With this spark of an idea there are some important factors to keep in mind:
Constrain the scope.
The application should be focused on a specific need. This keeps it from growing into a “this will fix everything!” solution. If it is a success, you can expand and enhance it later.
The project should take 6-12 weeks.
Any more than that and you are back to step #1. This may mean using an off-the-shelf tool or starter project that is easy to customize.
Don’t lock yourself into a massive platform with lots of costs.
Not yet, anyway. You want to feel out how mobile will work for your business. You need to ensure that this project doesn’t leave you bound to a service provider in a long-term contract if it doesn’t work out.

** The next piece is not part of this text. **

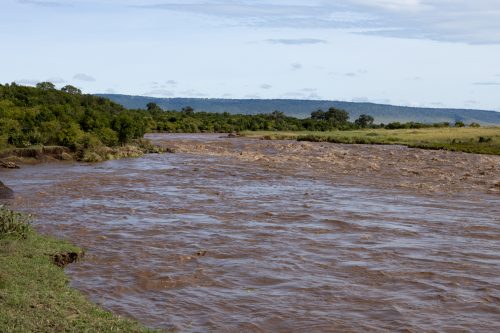 Mara River Main Crossing, 28 April 2020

What platforms do you target?
Have you provided mobile devices for your organization? Then you may be able to get away with an app for a single platform. If you are in a Bring Your Own Device (BYOD) environment then you need to keep in mind the range of OSs (iOS, Android, Windows) and the multiple versions of each. BYOD is becoming very common in the workplace and it means you have to consider the costs involved in supporting a range of devices.
Many smaller apps are read-only. Some companies have tried to just make a mobile-ready website and leave it at that, but we’ve all had experiences with slow or no connectivity. Sometimes this is even in our own office building! Save yourself a ton of headaches and complaints. If it makes sense for your app, make sure it can work offline.
Get expert help.
It’s very likely that you have some highly skilled developers on your staff but mobile development still has a steep learning curve. Bring in the experts to help guide or build your first projects. It could be a simple one-off expense or they can work with your staff to help build the skills and workflow that is needed for long-term projects.